## TASK DATA
# # # # #
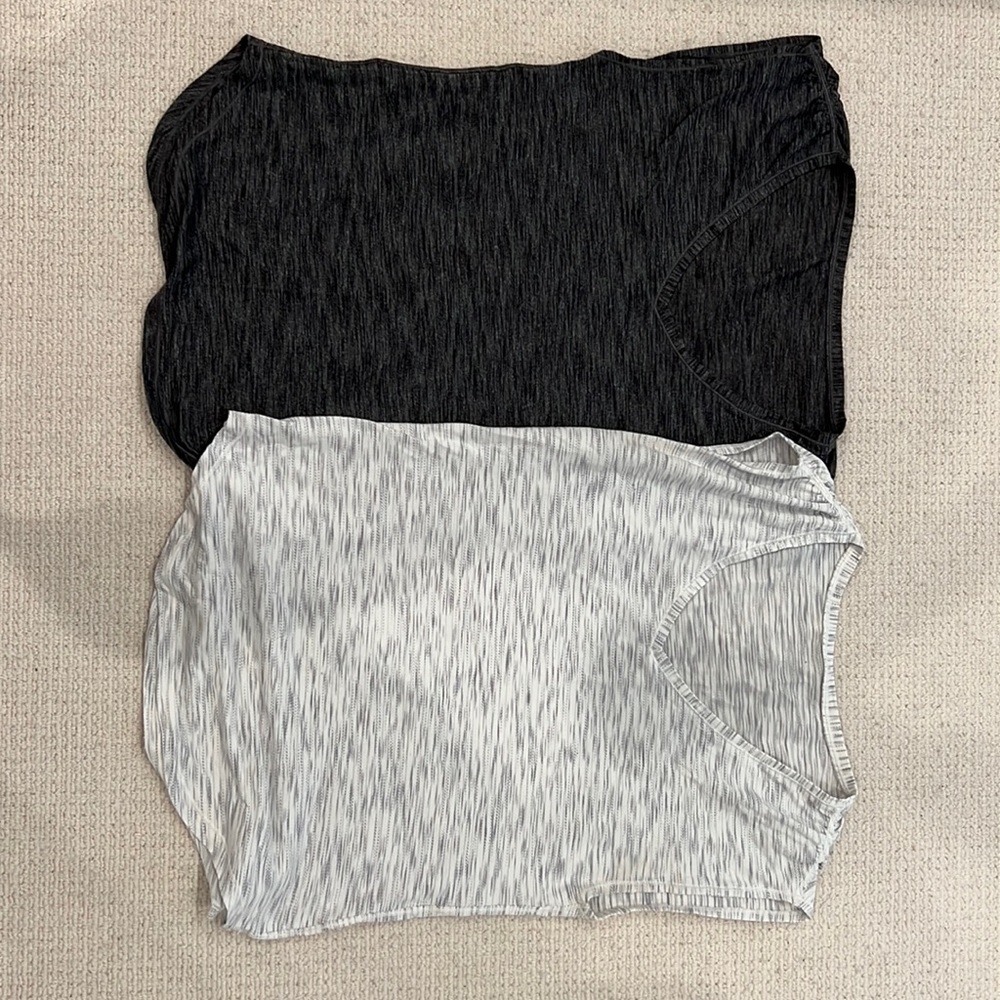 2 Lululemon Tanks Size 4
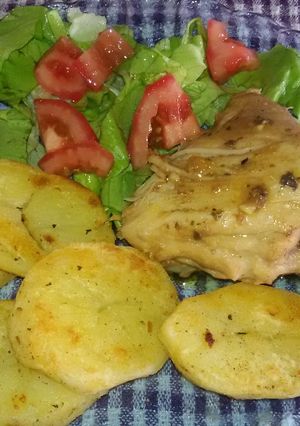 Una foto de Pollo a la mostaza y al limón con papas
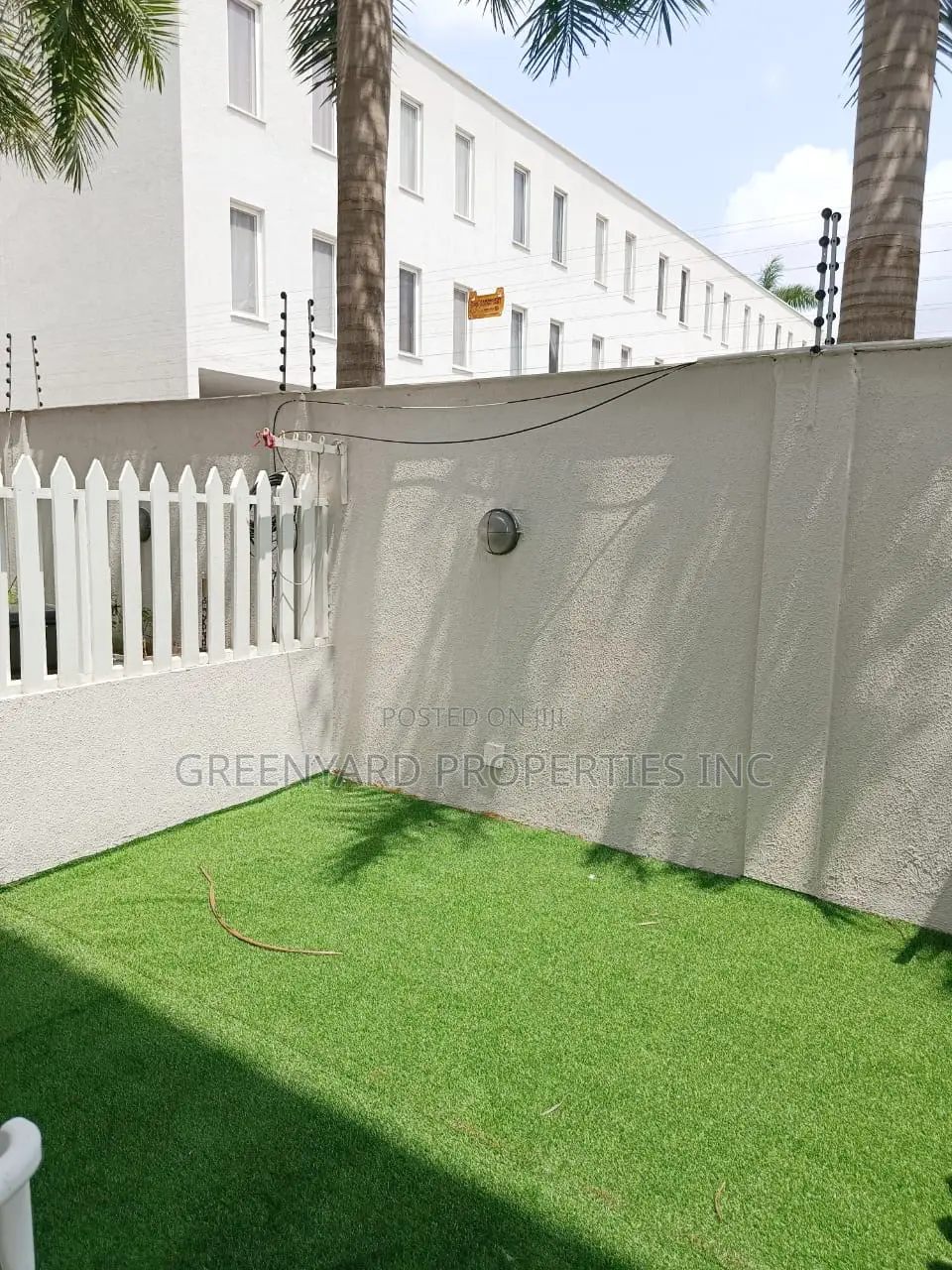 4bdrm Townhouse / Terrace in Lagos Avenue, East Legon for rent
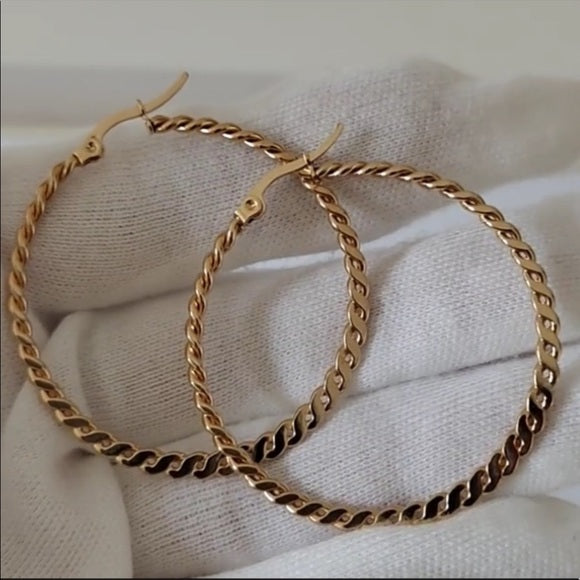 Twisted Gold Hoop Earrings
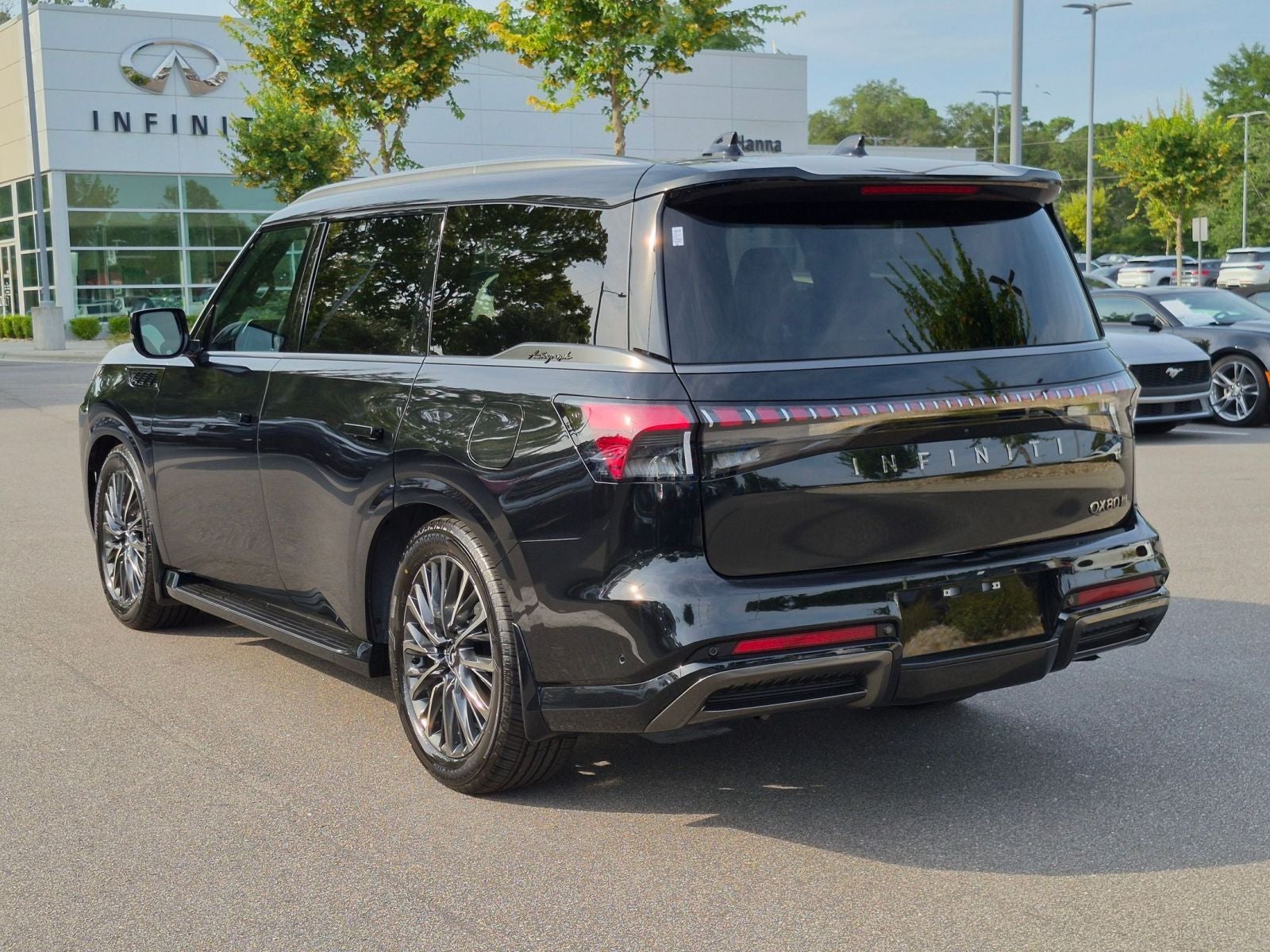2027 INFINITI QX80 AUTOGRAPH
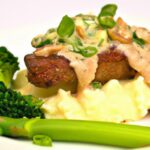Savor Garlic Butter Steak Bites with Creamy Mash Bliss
# # # # #
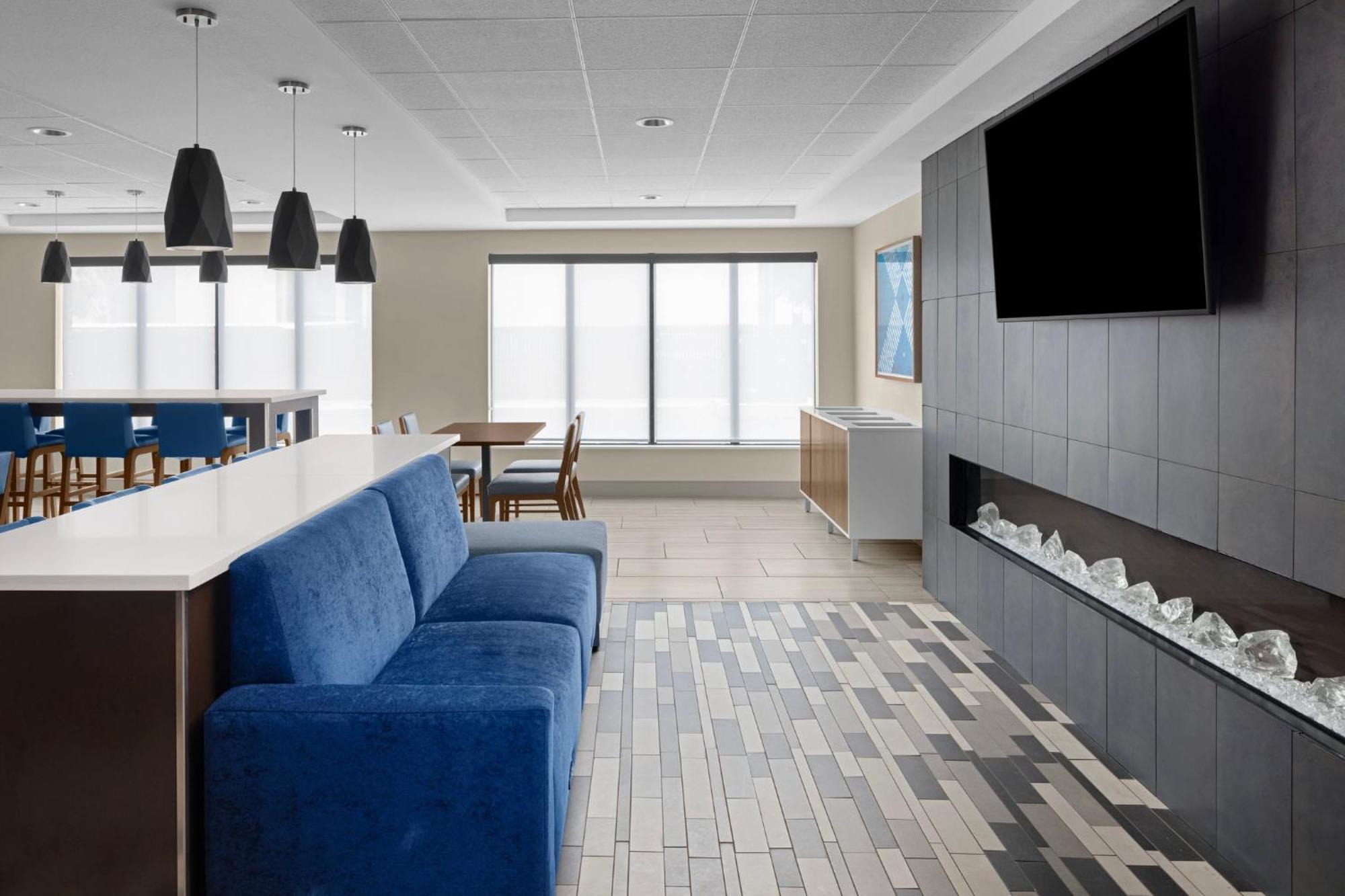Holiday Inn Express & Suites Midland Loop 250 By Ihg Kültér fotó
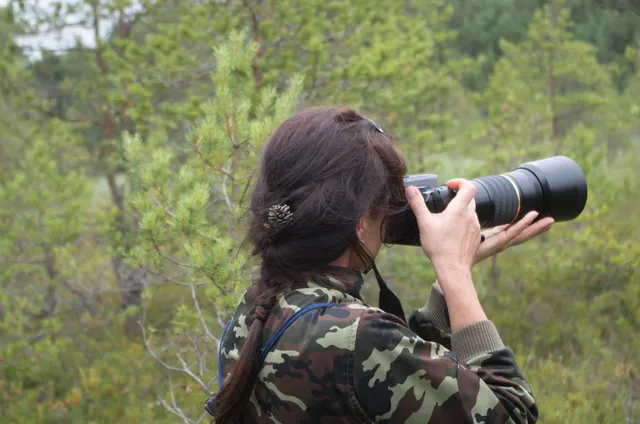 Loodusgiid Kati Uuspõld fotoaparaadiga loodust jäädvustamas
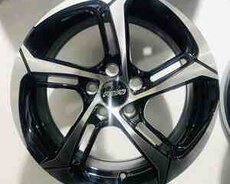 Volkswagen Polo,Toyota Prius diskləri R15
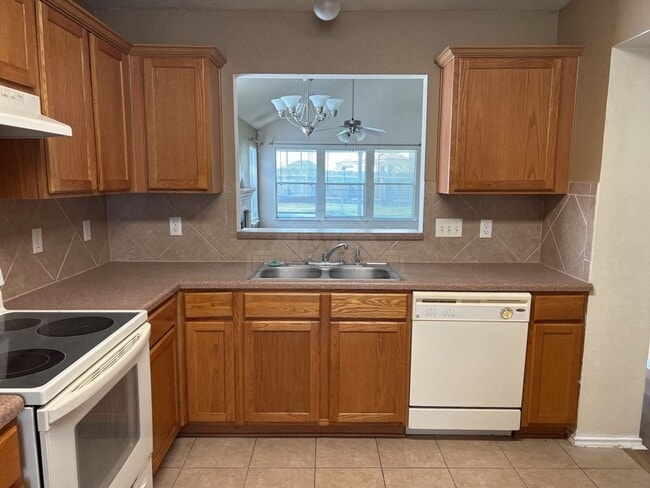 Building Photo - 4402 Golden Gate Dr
# # # # #
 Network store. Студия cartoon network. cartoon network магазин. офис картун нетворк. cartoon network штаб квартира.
# # # # #
## EXERCISE DETAILS
When you reach the line with "2 Lululemon Tanks Size 4" in the records above, start writing out each line exactly, and stop after the line with "Savor Garlic Butter". Pictures stay out.

## ANSWER AREA
 2 Lululemon Tanks Size 4
 Una foto de Pollo a la mostaza y al limón con papas
 4bdrm Townhouse / Terrace in Lagos Avenue, East Legon for rent
 Twisted Gold Hoop Earrings
2027 INFINITI QX80 AUTOGRAPH
Savor Garlic Butter Steak Bites with Creamy Mash Bliss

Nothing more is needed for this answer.